Preface
By Otto Hilska, Founder & CEO of Swarmia
Engineering organizations are operating in unfamiliar territory. Not so long ago, hiring more engineers was the obvious solution to increase output and drive growth. Many engineering leaders fell into the trap of believing that the sheer increase in numbers would lead to getting more done.
Looking back, this never truly made sense. We’ve known since The Mythical Man-Month that adding people — especially if you do so quickly — is actually a recipe for slowing down, yet it was a path well-worn by countless companies.

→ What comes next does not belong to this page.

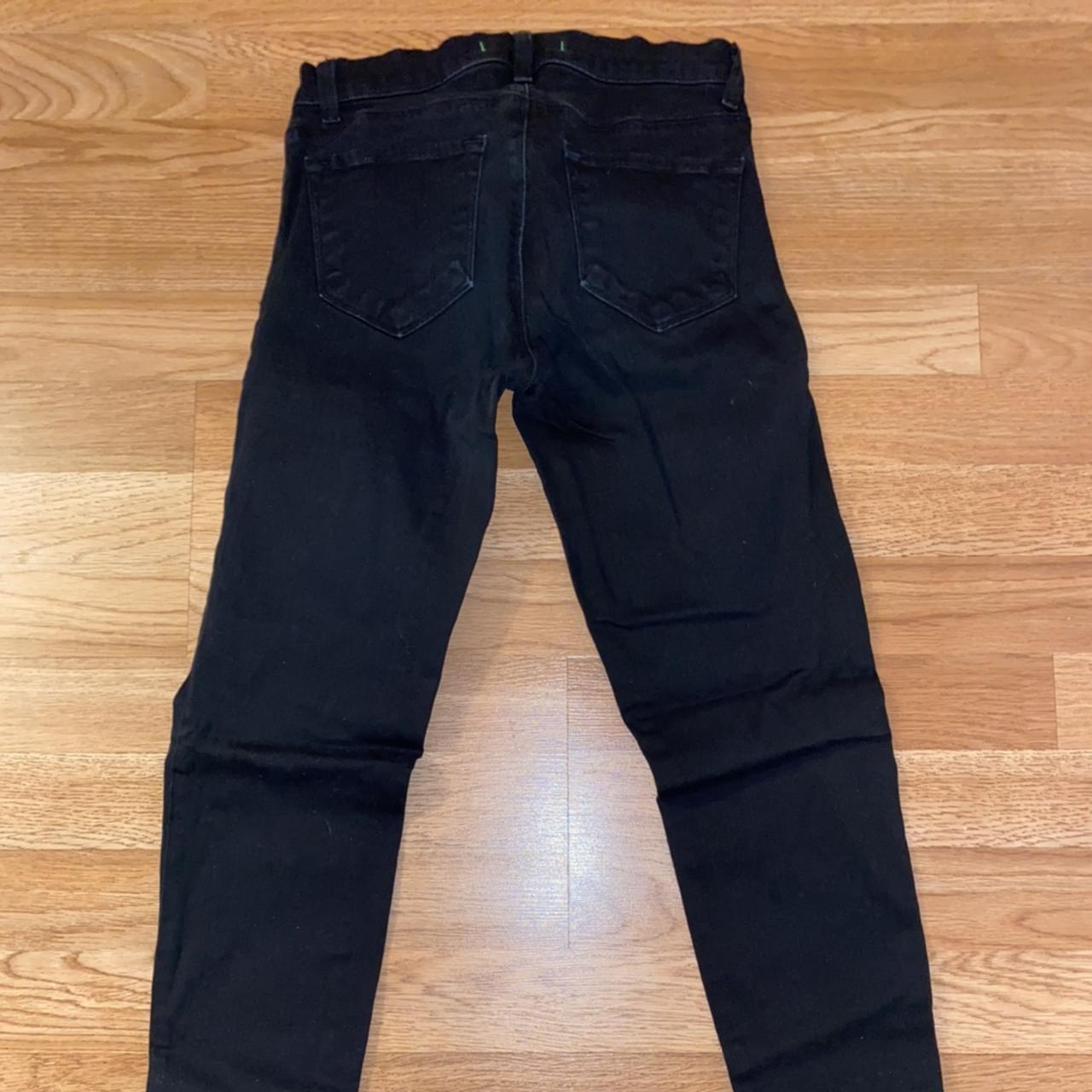 J brand black skinny jeans (Sold ) #jeans... - Depop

Now the landscape has changed, and sometimes it feels like it happened overnight. Suddenly, there’s abundant uncertainty about how to deliver more business outcomes with fixed-size teams. Moreover, no company wants to do it in a way that strains the engineers doing the work. In fact, the most positive changes can occur with systematic approaches that make individual engineers more productive by improving the experience of building software in your organization.
Leaders are responsible for building the framework that allows teams and individuals to succeed in this new environment. It’s no longer about throwing more bodies into the fray and hoping everything works out. Today, it’s about implementing transparency, defining supportive processes, and driving coherent strategies that align the goals and incentives of the software engineers, their teams, and the products they build.

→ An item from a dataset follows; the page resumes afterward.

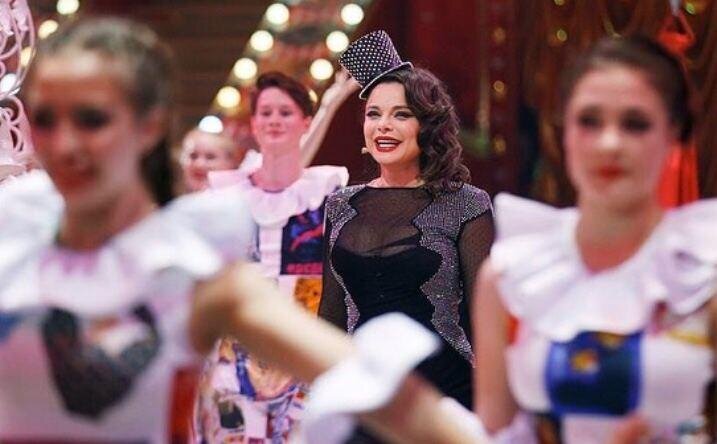 Фото взято из Instagram Наташи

This book exists to help you navigate that space. There’s a never-ending stream of guidance out there about each of these topics — developer experience, developer productivity, and driving business outcomes — but very few resources that bring all of them together under a single umbrella. This book attempts to close that gap.
The systems and ecosystems we build to help us deliver software products are fundamentally human, and no organization is exactly like another. Whether you’re at the outset of a journey to hone the value created by your software development organization or you’re already somewhere along the way, finding the best path to success starts by understanding the unique context of your company.
To that end, this book is not a mere collection of recommendations; it’s a guide to understanding the bigger picture of engineering effectiveness, including hard-earned wisdom about the inevitable pitfalls and dead-end paths that may tempt you along the way.
If you find this topic as interesting as I do, this book is for you. Happy reading.